Precisou de coragem para entrar naquele caixão de vidro a troco de nada. Sentia que algo a impelia a ser o primeiro a dar o exemplo - talvez o simples prazer de ganhar de si mesma. Os oponentes estavam animados para se contorcer naquela medonha caixa vertical. Podia ouvir o borburinho dos que, assim como ela , aguardavam ansiosos as ordens da mulher do apito. Com postura militar e uniforme branco de enfermeira, exceto pela ausência da cruz vermelha no quepe, ela ultimava as providências para dar início à disputa. Empenhava-se em acomodar os adversários na fila, que já se estendia por pelo menos vinte metros. Os mais compenetrados plantavam bananeira ali mesmo, ensaiando as performances que fariam dentro do "cubo". Outros recebiam instruções, como pugilistas prestes a entrar no ringue. Os pais faziam as vezes de técnicos, abanando toalhas e encenando gestos de força e otimismo. Tudo parecia fazer sentido.

Finalmente, a porta de vidro se abre à espera. Coração dispara. O burburinho dá lugar ao silêncio, que aumenta a cada passo até tornar-se absoluto quando o paralelepípedo transparente é fechado. Olha para cima e se tranquiliza ao ver que existem pequenos buracos circulares no teto, por onde o ar penetra. Respira aliviada. À frente, podia enxergar o corpo de jurados. Eram cinco. Um deles entorna um copo de refrigerante. O dia está quente.

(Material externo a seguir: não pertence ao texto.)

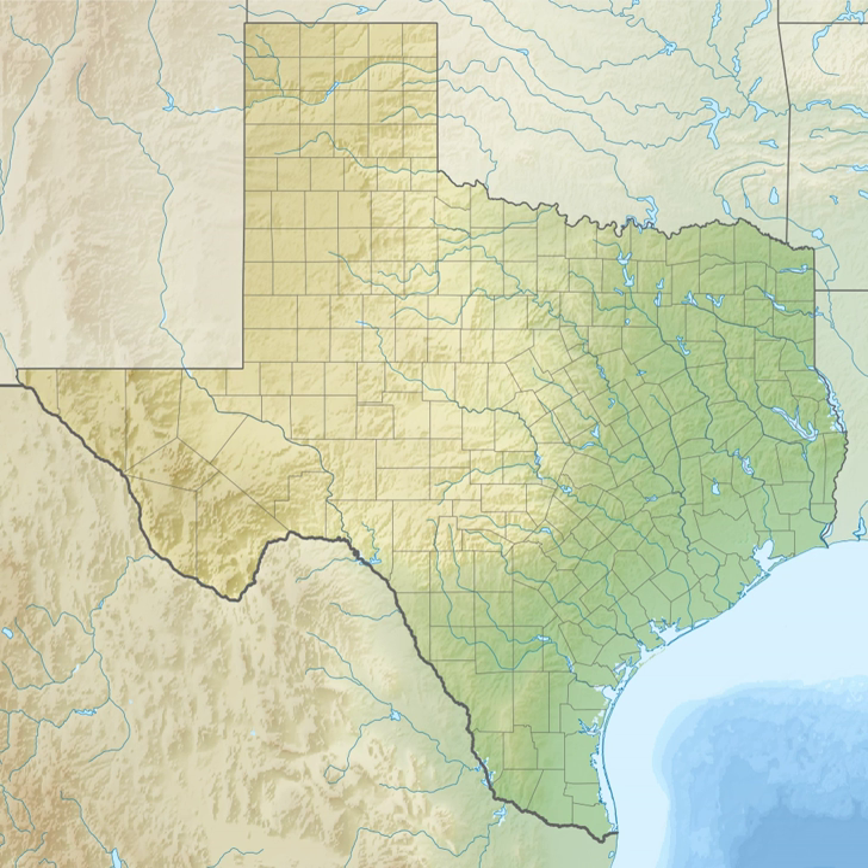The Anahuac National Wildlife Refuge is a wildlife conservation area along the coast of Texas, west of the town of High Island, Texas. It borders East Bay, part of the Galveston Bay Complex, behind Bolivar Peninsula at the Gulf of Mexico.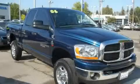This is a 2006 Dodge Ram 2500. It has the power to move what you need and the look too.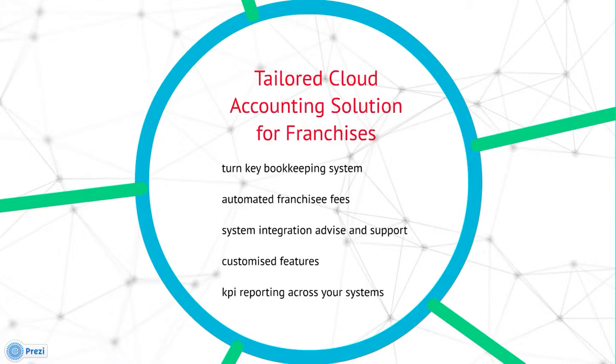We can help automate the franchise fee calculations and automatically generate invoices and bills, system integration advice and support, custom feature requests and KPI reporting across the system.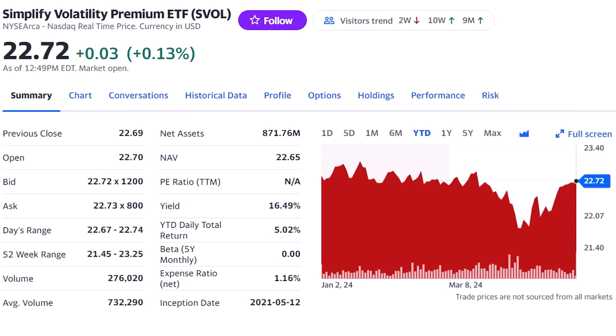Back to our monthly dividend list and the highest payer of the group — the Simplify Volatility Premium ETF, ticker SVOL, with its 16.5% yield. While it might not pay that high dividend yield forever, it's produced a 9% annual total return over the 3-year life of the fund, and I really like this one for adding a different asset class into the portfolio.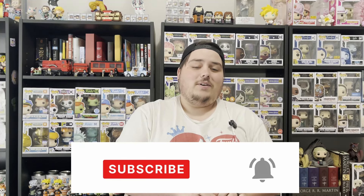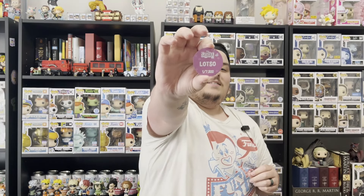Alright guys, Lotso number two. As I'm ripping Lotso number two, do me a favor — go down to the comment section and let me know what you would have picked up from Five Below. Would you pick up these sodas? Was there a Funko Pop you would have picked up? Maybe one of the Funko Minis. While you're down there, don't forget to leave a like on the video and subscribe to the channel for more content. Can we get the chase for Lotso number two? Three, two, one — no. All commons today. That's so sad. Limited to 1,750.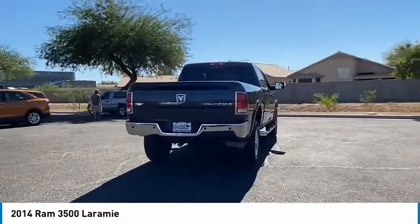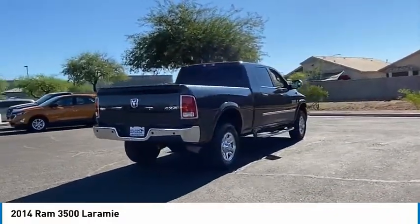This vehicle has less than 130,000 miles. Here are some of this vehicle's great options.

Um cronômetro grudado na lateral esquerda da caixa começa a contar. Os números vermelhos giram freneticamente e avisam que ela precisa ser rápida. Tem um minuto para se apresentar. A coreografia surge de imediato em sua mente e, como se não tivesse controle do próprio corpo, ela começa a executar os movimentos: mãos na cintura, braços e pernas dispostos em “X”, palmas das mãos no chão sem dobrar os joelhos. Agora de ponta-cabeça, gruda os pés nas laterais do cubo e bate palmas. Depois volta à posição original, sobe como aranha até o teto e se sustenta somente com as mãos, por alguns segundos, completando a série de exercícios de força e equilíbrio. Nesse instante, se desaponta ao ver cadeiras vazias no júri. A própria árbitra faz pouco caso de seu esforço e lhe dá as costas.

A decepção a desconcentra, mas não a ponto de derrubá-la. Resta ainda a série artística. Não pode errar. Talvez o descaso do júri faça parte do jogo, se ilude. Ainda com pés e mãos grudados nas paredes de vidro, gira cento e oitenta graus, na horizontal sem pisar no solo. Fica novamente de cabeça para baixo e mergulha no chão, onde, com um rodopio se põe de pé com os braços abertos, cumprimentando os gatos pingados da plateia.

O caixão é descerrado e ela sai sem ovação. Tem a sensação de que tudo o que fez e o que deixou de fazer foi ignorado por todos, e esse sentimento a fustiga.

Na sequência, um menino ocupa seu lugar . Está nervoso; mal consegue escalar as paredes e realizar o primeiro movimento. Mira-a como se lhe pedisse ajuda. Com um olhar,ela tenta transmitir-lhe que não adianta, que ninguém liga, que aquele jogo é irreal, e, ao reconhecer o absurdo, entende que aquilo não passa de um pesadelo.

Mesmo consciente, permanece sonhando, à espera de explicação a ser criada por ela mesma, até ver O menino despencar de cabeça. O choque a desperta e, ainda em sobressalto, encara perplexa o ventilador de teto.